Fatoumatta: In the promotion scales of many universities in other African countries, a scholarly book, regardless of its depth and volume, is equivalent to three journal articles. Note that it might take a minimum of about three years to accomplish a well-researched book and take it through the necessary editorial rigor. On the other hand, if one sets their targets and priorities well, they can publish up to two or three journal articles in a year. It becomes even easier where academics co-author papers, sometimes in mischievous syndicates where they agree to singly write a paper but indicate others’ names on it. This is especially common in the natural sciences. If we are three in a syndicate and write a paper on which all our names are included as co-authors, we each have three papers at ago (including those we have not contributed to).
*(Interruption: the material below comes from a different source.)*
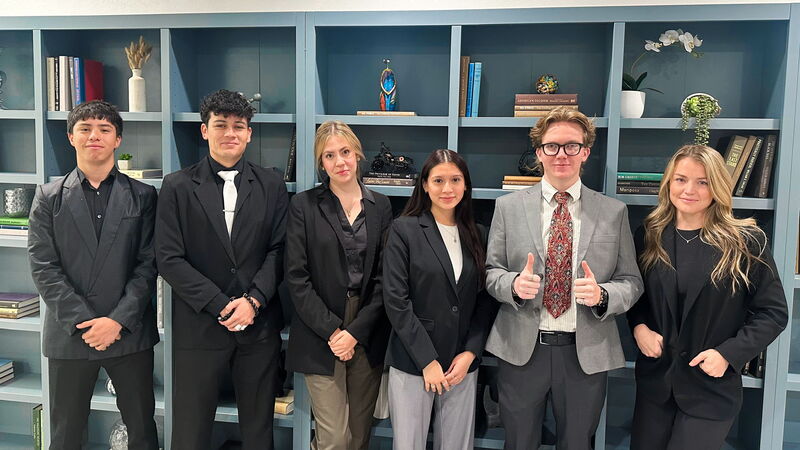 Six Skyline Marketing Agency team members in business attire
If a professor or a lecturer can author two others, they will have five in one year – way ahead of the colleague writing a book in four years. Journal articles have the advantage of coming out relatively faster and, therefore, ideal for disseminating knowledge about quickly changing realities, and sometimes as test grounds for ideas to be later expanded into books. They are also a good outlet for ideas that may not be wide enough to constitute a book because most journals today are only available online (not to be found in print in bookstores and libraries). The knowledge University professors produce is locked away from the local public. Many who would still be willing and able to read their work cannot access most of it. At least the book could be found in some of our university libraries (we strangled the public ones) or bought by those who can afford it.
Ironically, online articles are sometimes more expensive than books in print. The other question then would be, beyond teaching, of what local meaning is our professorship? This question becomes even more critical in light of many organic public intellectuals being withdrawn from the public engagement where their knowledge is needed to solve some of our challenges.
Fatoumatta: Why would we continue privileging the production of knowledge through outlets that exclude our people and at the same time tolerate the local silence of our academics in popular media? Most African university’s promotion criteria are imitating Western’ universals,’ often rendering academics locally irrelevant. Forms of knowledge dissemination that favor our public are practically despised and relegated to the periphery of promotion requirements. The absurd aping of the West that we see in other areas of our lives shapes our university traditions with self-alienation. It is currently a journal article publication race.
Fatoumatta: The promoting authorities do concerning publication to count articles and check their’ authenticity.’ The idiom remains ‘publish or perish.’ However, the flourishing is mostly in titles and earnings – hardly with relevance. One can only think about relevance and writing a book after getting to the top of the academic ladder, often when exhausted.